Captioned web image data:
=-=-=-=-=

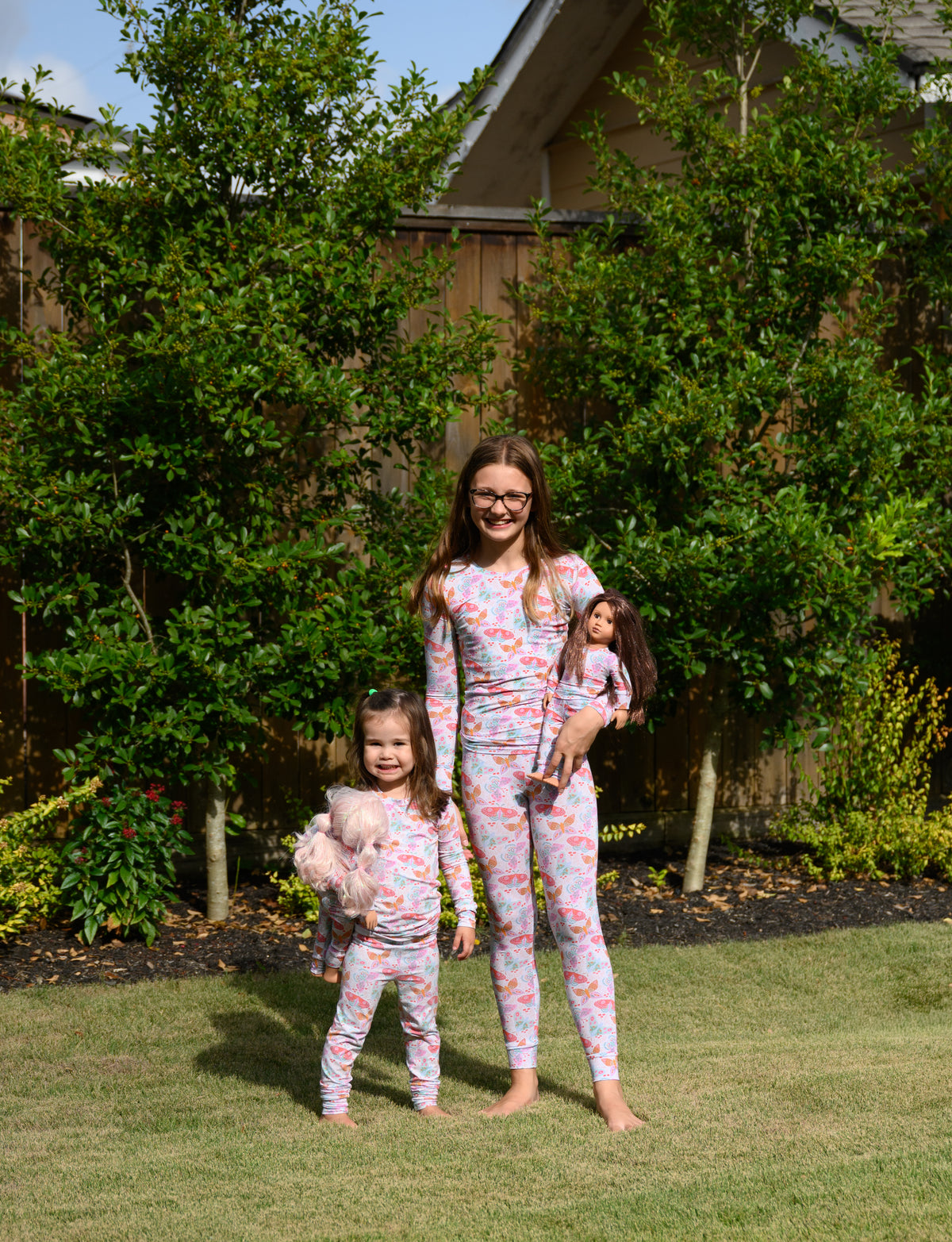 An older girl and a young girl wearing matching floral long-sleeve pajamas stand barefoot on a grassy lawn in front of a wooden fence and green trees. The both are holding dolls in matching pjs. animal.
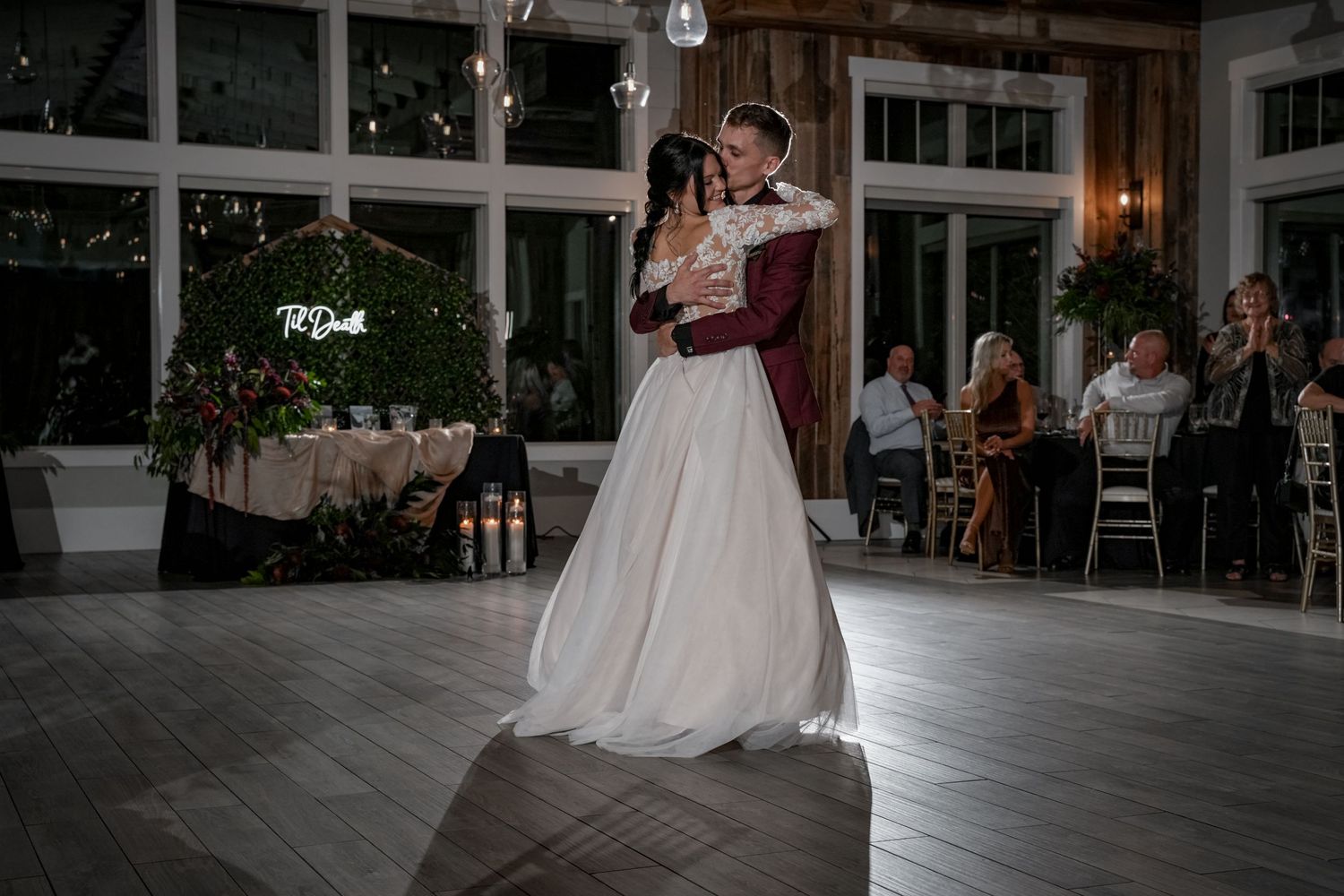 First dance in elegant reception venue with guests watching from decorated tables.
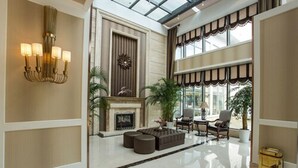A spacious lobby with a fireplace, seating area, and large windows. - Metropolo Shanghai Minhang Hotel (Shanghai)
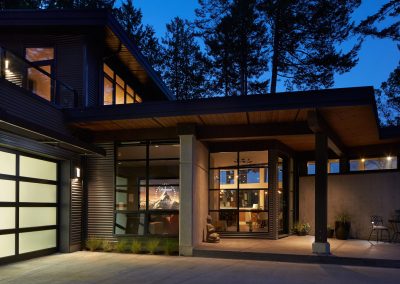 House with a glass garage door, lit at dusk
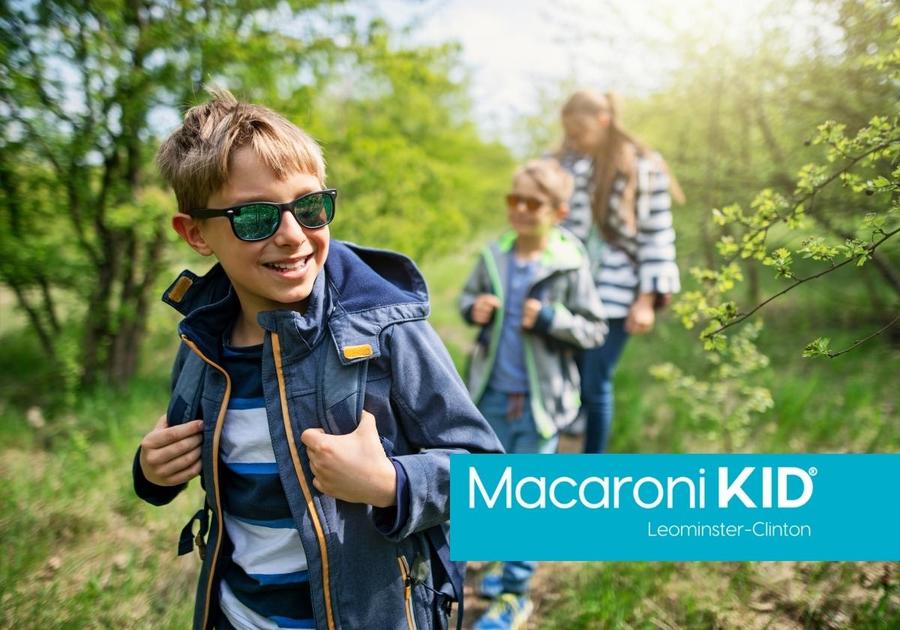 Three children walking through the woods with backpacks and sunglasses.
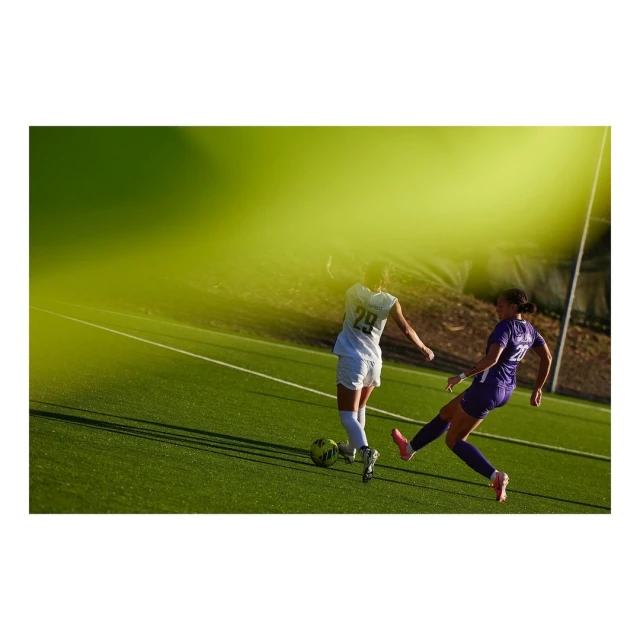 Two female soccer players compete on a green field under bright sunlight, one kicking the ball while the other defends.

=-=-=-=-=

What the task asks: The entries above need to be repeated word for word, minus their pictures.

Task output:
 An older girl and a young girl wearing matching floral long-sleeve pajamas stand barefoot on a grassy lawn in front of a wooden fence and green trees. The both are holding dolls in matching pjs. animal.
 First dance in elegant reception venue with guests watching from decorated tables.
A spacious lobby with a fireplace, seating area, and large windows. - Metropolo Shanghai Minhang Hotel (Shanghai)
 House with a glass garage door, lit at dusk
 Three children walking through the woods with backpacks and sunglasses.
 Two female soccer players compete on a green field under bright sunlight, one kicking the ball while the other defends.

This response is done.